Du nouveau grâce à Beckhamescu!
Corneliu Mitrache a un énorme mérite, car point commun avec Panaït Istrati, c’est qu’il n’est pas roumain. Du moins si l’on en croit les grands pontes du classement des romans en librairie, car il est (presque) inutile de le chercher en rayon littérature d’Europe de l’Est, vu qu’il écrit en anglais, et que son bouquin est traduit de l’américain.
Là s’arrête la (première?) comparaison. Car si Istrati décrit magnifiquement son époque, Mitrache se prête au même jeu avec un talent indéniable. Rédigé selon le mode quasi-autobiographique, ce roman raconte l’histoire d’un étudiant, Doru, de sa copine Lily, de son pote d’école Radu (ils sont dans une école de pilote, ceci est important pour situer l’environnement social, c’est pas Ion de Rebreanu), et de la copine de ce dernier, Simina. Le héros et narrateur est Doru, et on suit avec délectation les étapes de ses glissements sentimentaux vers Simina. A priori, un sac de nœuds pas possible avec la minette de son pote. Mais Doru est un petit malin, et Mitrache un conteur hors pair.
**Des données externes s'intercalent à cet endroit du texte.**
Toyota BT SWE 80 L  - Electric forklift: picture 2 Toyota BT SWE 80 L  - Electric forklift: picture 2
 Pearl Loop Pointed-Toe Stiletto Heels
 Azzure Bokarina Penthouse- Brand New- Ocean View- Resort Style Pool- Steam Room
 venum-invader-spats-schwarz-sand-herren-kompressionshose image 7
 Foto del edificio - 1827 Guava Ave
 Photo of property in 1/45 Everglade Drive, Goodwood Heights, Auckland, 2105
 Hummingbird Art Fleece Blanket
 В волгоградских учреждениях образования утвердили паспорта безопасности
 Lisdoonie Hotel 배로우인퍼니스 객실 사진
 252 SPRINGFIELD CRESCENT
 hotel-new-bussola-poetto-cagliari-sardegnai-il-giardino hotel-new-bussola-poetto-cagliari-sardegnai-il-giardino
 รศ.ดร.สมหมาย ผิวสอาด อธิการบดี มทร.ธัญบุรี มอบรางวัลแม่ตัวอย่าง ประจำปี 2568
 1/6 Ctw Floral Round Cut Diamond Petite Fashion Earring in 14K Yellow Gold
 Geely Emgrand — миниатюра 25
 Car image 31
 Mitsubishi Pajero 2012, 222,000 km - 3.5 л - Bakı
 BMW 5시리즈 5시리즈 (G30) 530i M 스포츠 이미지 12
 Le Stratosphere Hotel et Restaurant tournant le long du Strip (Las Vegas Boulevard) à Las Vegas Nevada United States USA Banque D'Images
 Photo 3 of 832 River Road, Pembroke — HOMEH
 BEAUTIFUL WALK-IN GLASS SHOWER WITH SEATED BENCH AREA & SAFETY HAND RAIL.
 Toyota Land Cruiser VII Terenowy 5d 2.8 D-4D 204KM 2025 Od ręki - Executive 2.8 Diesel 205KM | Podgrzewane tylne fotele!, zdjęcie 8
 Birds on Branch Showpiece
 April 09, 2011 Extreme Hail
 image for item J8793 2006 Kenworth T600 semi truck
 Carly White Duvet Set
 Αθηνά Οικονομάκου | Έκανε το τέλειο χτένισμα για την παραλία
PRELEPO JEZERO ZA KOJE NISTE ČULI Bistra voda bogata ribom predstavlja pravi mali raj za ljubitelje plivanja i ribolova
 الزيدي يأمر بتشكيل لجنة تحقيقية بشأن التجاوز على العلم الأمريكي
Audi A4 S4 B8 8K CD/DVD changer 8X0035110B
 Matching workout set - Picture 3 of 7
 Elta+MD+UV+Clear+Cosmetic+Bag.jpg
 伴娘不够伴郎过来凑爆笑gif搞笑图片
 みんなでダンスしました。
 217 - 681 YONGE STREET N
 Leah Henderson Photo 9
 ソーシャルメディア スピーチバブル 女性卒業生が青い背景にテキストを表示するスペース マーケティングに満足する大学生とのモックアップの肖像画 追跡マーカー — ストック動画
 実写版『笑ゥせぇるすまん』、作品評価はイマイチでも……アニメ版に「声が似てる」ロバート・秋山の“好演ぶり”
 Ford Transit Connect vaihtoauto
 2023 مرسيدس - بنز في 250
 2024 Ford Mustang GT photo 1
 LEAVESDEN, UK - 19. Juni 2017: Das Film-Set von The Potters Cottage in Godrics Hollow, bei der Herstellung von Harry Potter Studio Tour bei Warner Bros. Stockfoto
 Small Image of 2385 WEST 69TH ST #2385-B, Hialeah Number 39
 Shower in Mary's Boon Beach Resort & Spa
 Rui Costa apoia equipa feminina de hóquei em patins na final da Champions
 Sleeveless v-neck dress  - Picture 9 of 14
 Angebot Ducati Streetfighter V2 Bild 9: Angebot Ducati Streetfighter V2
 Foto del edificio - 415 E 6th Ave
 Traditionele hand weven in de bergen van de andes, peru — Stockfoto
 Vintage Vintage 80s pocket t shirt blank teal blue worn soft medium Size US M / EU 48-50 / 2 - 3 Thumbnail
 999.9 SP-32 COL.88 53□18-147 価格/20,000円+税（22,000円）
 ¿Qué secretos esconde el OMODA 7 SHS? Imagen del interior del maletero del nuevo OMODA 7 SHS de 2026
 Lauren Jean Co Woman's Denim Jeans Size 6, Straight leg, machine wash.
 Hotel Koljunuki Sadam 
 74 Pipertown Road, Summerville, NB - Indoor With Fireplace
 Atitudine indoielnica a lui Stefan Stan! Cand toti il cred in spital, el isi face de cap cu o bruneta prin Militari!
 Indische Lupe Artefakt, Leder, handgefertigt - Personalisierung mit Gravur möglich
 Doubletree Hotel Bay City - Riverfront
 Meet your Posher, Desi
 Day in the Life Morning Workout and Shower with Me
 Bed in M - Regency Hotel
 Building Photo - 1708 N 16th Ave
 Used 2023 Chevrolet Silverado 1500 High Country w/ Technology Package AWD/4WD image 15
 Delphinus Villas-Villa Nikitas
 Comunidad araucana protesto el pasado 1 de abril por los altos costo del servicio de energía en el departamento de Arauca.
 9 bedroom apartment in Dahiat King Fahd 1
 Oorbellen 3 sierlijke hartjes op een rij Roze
Subissant une actualité des plus empoisonnantes, dans les années 80, avec un régime invivable, Doru est aussi tiraillé par ses désirs de liberté, et décide de fuir le pays, tout en draguant Simina, dont il tombe de plus en plus éperdument amoureux. Arrive ce qui doit arriver, et si vous ne le lisez pas, vous ne le saurez pas par moi.
L’histoire est vraiment sympa, mais le plus fort, c’est que plus on avance dans le livre, plus on succombe à l’écriture bouleversante de Mitrache. D’abord arrogante, puis narrative (un peu), plaisante et provocante (l’édition française qui publie Mitrache et Stefanescu à quelques mois d’intervalle, les Bibesco, Noailles et autres vont en prendre un coup), elle devient surtout très émotive, à l’extrême en fin de roman, belle et suffocante. Celle-ci dévoile un héros, et sans doute un auteur, totalement imprévu et probablement perturbé, où on sent un dépassement de soi pour surmonter une intériorité bien cachée jusque là. C’est à son retour en Roumanie, vers Turnu-Severin, dans des conditions particulières, que son âme s’exprime, qu’il se dévoile, ce qui rend la rétro-lecture particulièrement saisissante. Ah ça, c’est pas de l’Anca Visdei (Photo de classe, magnifique aussi, mais dans un autre style; déjà, c’est du théâtre). Une écriture jeune, libre, très sensible et sensuelle, moqueuse mais pas cynique, déterminée mais pas aveugle, rêveuse et lucide.
Pour terminer, Mitrache a également la très grande originalité d’être publié plus ou moins dans le contexte automnal deuxmillecinquien des Belles Etrangères. Et pourtant, il n’y était pas, dans ces festivités. Sans doute son écriture anglaise explique-t-il son absence, et c’est à la fois compréhensible, et bien dommage. Car on a du coup l’impression qu’on a célébré la francophonie roumaine à travers ces événements, alors que ce n’était pas le but. D’un autre côté, jamais encore en France tant de romans d’auteurs roumanophones n’ont été publiés en si peu de temps. Et dans le foisonnement d’œuvres publiées, il est fondamental que des auteurs comme lui, et Cecilia Stefanescu aussi j’imagine, laissent une trace dans l’histoire de la littérature roumaine, déjà si riche, car ils dynamitent totalement les canons de cette dernière. Attention, je ne les renie en rien, ils nous ont tous transporté, et plutôt deux fois qu’une, mais cette écriture est si nouvelle, si contemporaine, qu’elle est urgemment à découvrir pour qui aime profondément la littérature roumaine.
Et je conclurai par la même phrase qu’au début de ce deuxième rendez-vous littéraire, sans les virgules et ce qu’il y a entre, parce que je l’aime bien. Corneliu Mitrache a un énorme mérite, c’est qu’il n’est pas roumain.
Corneliu Mitrache, La Traversée du Styx ; Paris, Denoël, 2005, 415 pages, 25 euros.